Objectives:The main aim of setting up this museum is to preserve the cultural heritage of the Vaishnava community of Assam, which is fast diminishing due to the impact of modernisation. This museum has taken painstaking effort to preserve the material culture of the Than and putting forward the rich collection which has survived from the days of Sankardeva in its original state and to induce cultural awakening among the masses.
The museum lays emphasis in collecting socio-cultural and religious objects of the Vaishnava community. The present collection of the museum holds around 103 objects of different types. Most of the objects are wooden artefacts believed to have been once a part of the Than used for various socio-religious purposes. Apart from wooden objects there are few metal objects put on display.
An eminent museologist has said that the collections of a museum, however rich and important they may be, are only of real value to the extent they are made use of by the public and the extent to which the public is able to benefit by the instruction and entertainment they are intended to afford.
The collection of wooden structures kept in the museum are perhaps mere remnants of a wonderful treasure that must have got destroyed over centuries because of ravages of time and unthinking human intervention. Some connoisseurs like Dr. Naren Kalita of Bordowa had played an important role in surveying and retrieving the ones kept in the museum.
The ancient artwork of Bordowa may be divided into the .
the pillar mounted wooden statues (fig2. )
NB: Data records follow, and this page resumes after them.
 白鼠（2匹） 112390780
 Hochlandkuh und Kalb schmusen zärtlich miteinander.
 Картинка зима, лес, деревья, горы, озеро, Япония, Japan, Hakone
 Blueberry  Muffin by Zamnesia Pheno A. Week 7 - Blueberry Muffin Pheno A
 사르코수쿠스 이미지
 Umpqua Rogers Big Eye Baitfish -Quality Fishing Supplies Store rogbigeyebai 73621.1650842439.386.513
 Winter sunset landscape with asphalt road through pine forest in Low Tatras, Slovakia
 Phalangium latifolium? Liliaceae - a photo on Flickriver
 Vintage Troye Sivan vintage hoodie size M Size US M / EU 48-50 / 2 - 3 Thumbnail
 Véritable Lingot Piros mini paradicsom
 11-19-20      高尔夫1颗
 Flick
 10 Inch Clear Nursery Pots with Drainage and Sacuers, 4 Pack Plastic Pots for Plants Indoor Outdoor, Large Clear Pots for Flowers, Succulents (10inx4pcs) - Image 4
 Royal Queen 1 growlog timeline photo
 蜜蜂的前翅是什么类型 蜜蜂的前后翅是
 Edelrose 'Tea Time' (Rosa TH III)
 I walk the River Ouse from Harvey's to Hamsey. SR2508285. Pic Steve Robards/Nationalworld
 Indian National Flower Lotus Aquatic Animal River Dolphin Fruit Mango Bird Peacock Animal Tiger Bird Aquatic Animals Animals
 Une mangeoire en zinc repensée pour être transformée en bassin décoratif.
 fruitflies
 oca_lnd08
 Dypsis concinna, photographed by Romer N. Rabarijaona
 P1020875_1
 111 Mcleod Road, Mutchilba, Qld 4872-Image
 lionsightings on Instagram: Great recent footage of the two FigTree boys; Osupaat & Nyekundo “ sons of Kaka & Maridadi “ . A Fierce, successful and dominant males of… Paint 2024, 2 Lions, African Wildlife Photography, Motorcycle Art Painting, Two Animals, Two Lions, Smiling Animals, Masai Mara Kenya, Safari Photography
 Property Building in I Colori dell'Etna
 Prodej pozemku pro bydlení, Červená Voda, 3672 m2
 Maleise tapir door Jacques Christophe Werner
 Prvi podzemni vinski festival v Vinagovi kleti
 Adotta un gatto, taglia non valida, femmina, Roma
the wooden wall panels.(fig3.)
Wooden materials used during naam-prasanga (fig4.)
4.1 Museum Collection:
Doors, coated with molded brass sheets having a number of figures are few rich collection of the museum. The wood carvers are found to be very adroit in their treatment of space and composition in the limited picture frame for pictorial delineations. There are very interesting secular subjects also, found to be adorning the walls of the Bardowa Thaan. The elephant fights, buffalo fights and scenes of animal hunting are also found as a part of temple decoration. Dr. K.K. Dasgupta draws a parallel of these carvings with those of Babylonian and Assyrian repertories of the remote past. Dr. Dasgupta is also very impressed with the four panels illustrating the act of slaying of Bali by Rama.
Among the other significant statues are those of Garuda and Hanuman. Here also, the Bardowa artists accentuated the prominent body parts like eyes and facial muscles to make the characters display an expression of bhakti– the hallmark of the culture.
Sankardeva initiated a vigorous religious movement, the Bhakti movement, with the doctrine to surrender to one God, Krishna, during 15th -16th century AD. Along with the formation of a distinct regional identity of Assamese Bhakti Culture and literary tradition, also, wood carving was one of the fields which in direct response to the movement and the cult of Bhakti began to flourish as a major form of art of the people. Guided by an impulse to decorate the places of worship, the local artisans created stylistic variation in the medium of wood. Moreover, since woods were easily available locally, it provided support to the development of the art form.
The objects were always a part of the socio-religious culture of the Than. The different Satras in Assam have preserved very few specimens of wooden objects of art belonging to the past tradition.
Bordowa Than retains a considerably big repertoire of wood carvings of the past. These objects have been recovered from an uncared state by Dr. Naren Kalita at the Than premises and thus it was decided to put up on display on 1985.
The significance of the wooden objects is its intrinsic artistic carvings and is very closely linked with parallel developments in literary traditions of the Mahabharata and Ramayana epics.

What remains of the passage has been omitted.